* _AIM OF THE TASK_
Please restate word for word each line from the one containing "سراتو وارداتی مدل۲۰۱۰" to the last line of the records below, and drop the pictures.
------
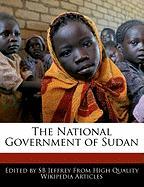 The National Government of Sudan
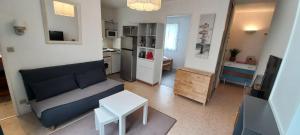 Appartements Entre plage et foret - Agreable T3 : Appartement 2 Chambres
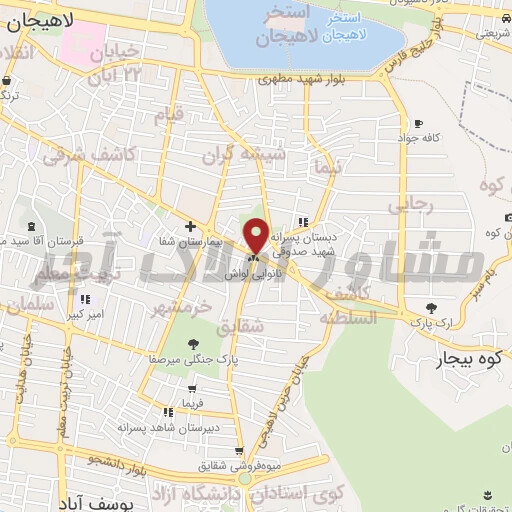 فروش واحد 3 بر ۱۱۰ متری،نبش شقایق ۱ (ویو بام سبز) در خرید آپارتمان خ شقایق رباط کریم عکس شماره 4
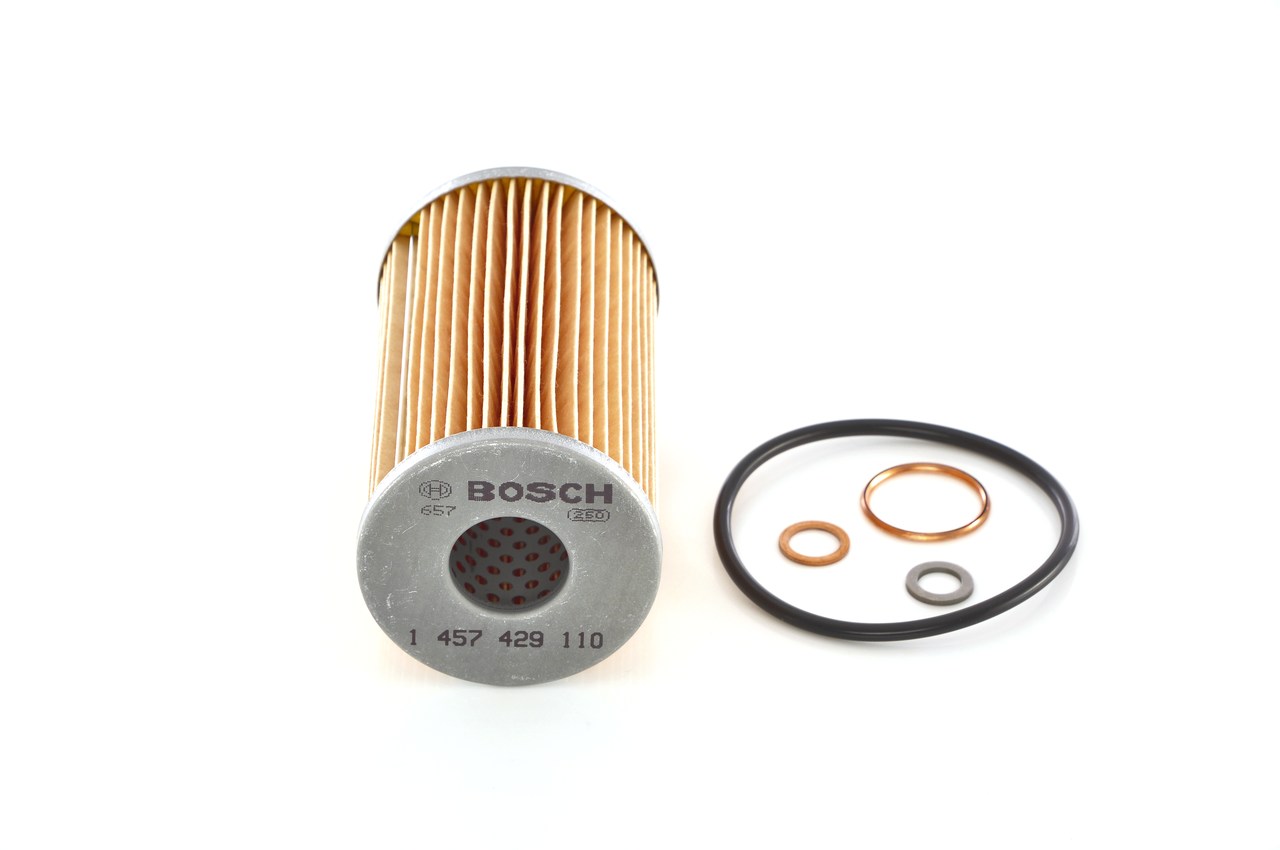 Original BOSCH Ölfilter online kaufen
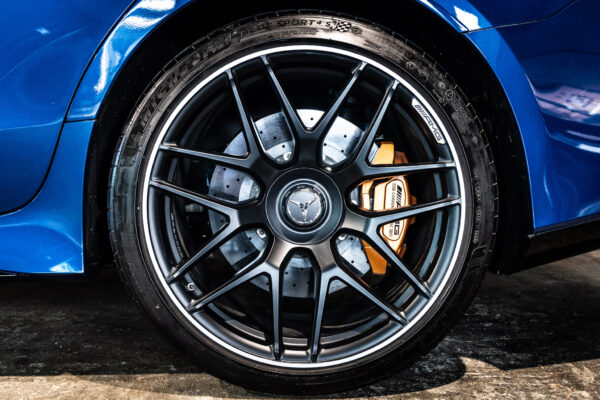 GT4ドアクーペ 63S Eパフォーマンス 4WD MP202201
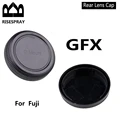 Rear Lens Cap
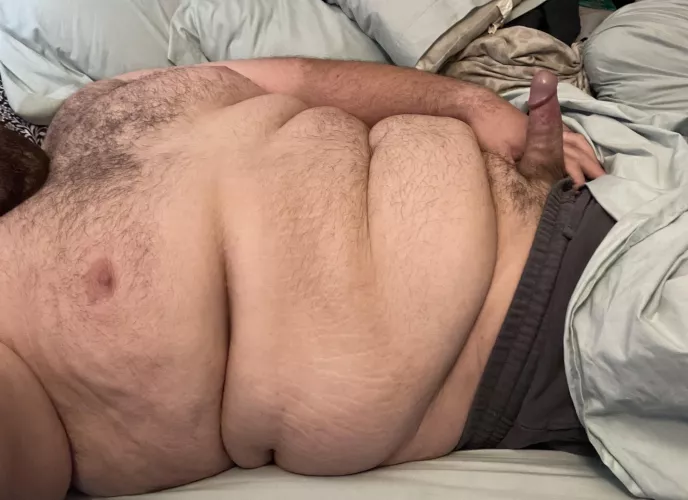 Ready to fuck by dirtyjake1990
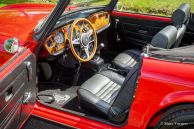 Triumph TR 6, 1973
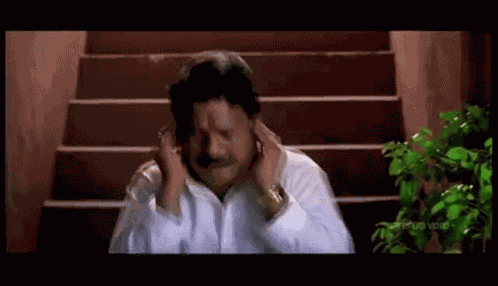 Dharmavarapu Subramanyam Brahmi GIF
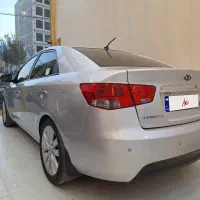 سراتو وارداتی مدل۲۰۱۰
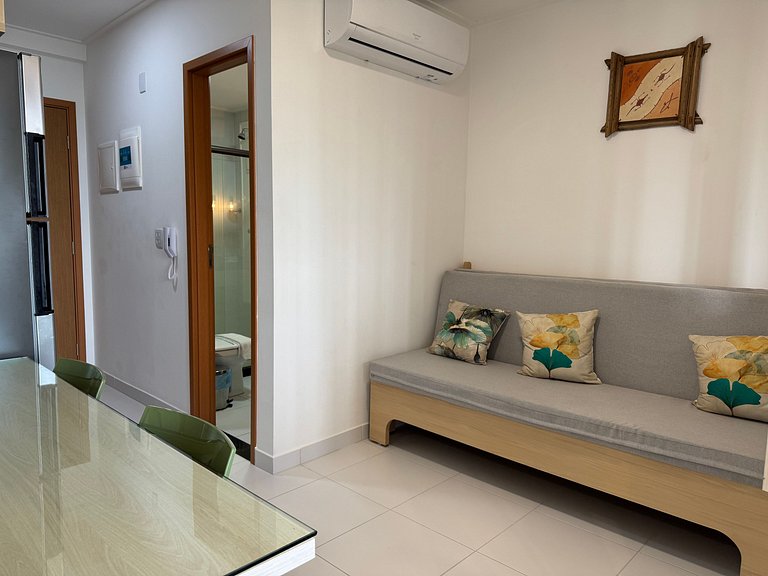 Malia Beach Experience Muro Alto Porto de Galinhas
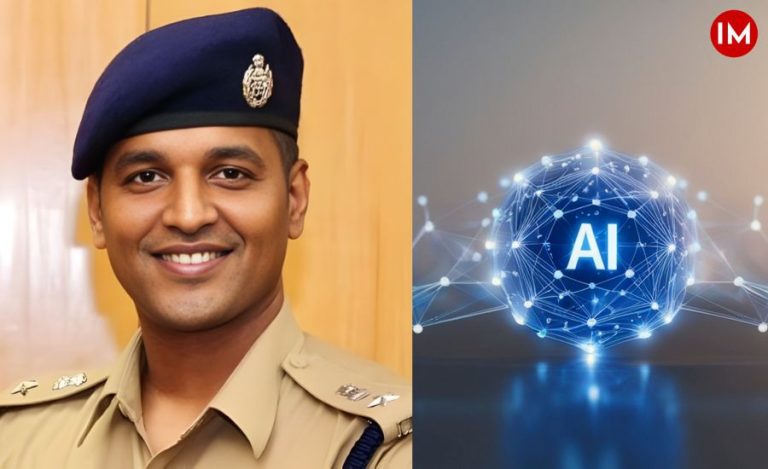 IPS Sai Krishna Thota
------
* _TASK SOLUTION_
 سراتو وارداتی مدل۲۰۱۰
 Malia Beach Experience Muro Alto Porto de Galinhas
 IPS Sai Krishna Thota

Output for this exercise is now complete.